▶ _Exercise aim_
Starting at the line with "Mercurial Superfly 10" and going on through the line with "BOSS ボス MT-2 metal zone 箱 取説付 エフェクター", reproduce each line in the records below exactly and nothing more.

▶ _Data for this task_
'''

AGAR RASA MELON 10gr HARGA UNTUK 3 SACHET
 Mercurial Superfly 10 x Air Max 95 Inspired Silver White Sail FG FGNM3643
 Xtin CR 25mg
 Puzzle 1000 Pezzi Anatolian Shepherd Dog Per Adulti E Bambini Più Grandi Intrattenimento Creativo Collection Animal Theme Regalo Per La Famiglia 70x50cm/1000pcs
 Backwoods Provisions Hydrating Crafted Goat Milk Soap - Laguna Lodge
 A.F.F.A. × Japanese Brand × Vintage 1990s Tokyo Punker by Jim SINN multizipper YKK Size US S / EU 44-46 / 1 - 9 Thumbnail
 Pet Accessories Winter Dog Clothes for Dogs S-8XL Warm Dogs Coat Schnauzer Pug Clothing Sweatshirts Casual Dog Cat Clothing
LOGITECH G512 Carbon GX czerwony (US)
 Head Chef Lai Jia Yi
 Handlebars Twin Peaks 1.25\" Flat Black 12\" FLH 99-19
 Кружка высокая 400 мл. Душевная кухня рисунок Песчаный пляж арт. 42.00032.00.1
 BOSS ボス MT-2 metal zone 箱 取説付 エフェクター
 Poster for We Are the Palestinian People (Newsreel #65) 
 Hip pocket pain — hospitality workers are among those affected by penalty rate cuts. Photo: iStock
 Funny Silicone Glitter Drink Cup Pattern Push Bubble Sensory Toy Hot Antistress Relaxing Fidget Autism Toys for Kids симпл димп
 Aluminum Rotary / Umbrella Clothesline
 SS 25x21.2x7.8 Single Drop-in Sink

'''

▶ _The answer_
 Mercurial Superfly 10 x Air Max 95 Inspired Silver White Sail FG FGNM3643
 Xtin CR 25mg
 Puzzle 1000 Pezzi Anatolian Shepherd Dog Per Adulti E Bambini Più Grandi Intrattenimento Creativo Collection Animal Theme Regalo Per La Famiglia 70x50cm/1000pcs
 Backwoods Provisions Hydrating Crafted Goat Milk Soap - Laguna Lodge
 A.F.F.A. × Japanese Brand × Vintage 1990s Tokyo Punker by Jim SINN multizipper YKK Size US S / EU 44-46 / 1 - 9 Thumbnail
 Pet Accessories Winter Dog Clothes for Dogs S-8XL Warm Dogs Coat Schnauzer Pug Clothing Sweatshirts Casual Dog Cat Clothing
LOGITECH G512 Carbon GX czerwony (US)
 Head Chef Lai Jia Yi
 Handlebars Twin Peaks 1.25\" Flat Black 12\" FLH 99-19
 Кружка высокая 400 мл. Душевная кухня рисунок Песчаный пляж арт. 42.00032.00.1
 BOSS ボス MT-2 metal zone 箱 取説付 エフェクター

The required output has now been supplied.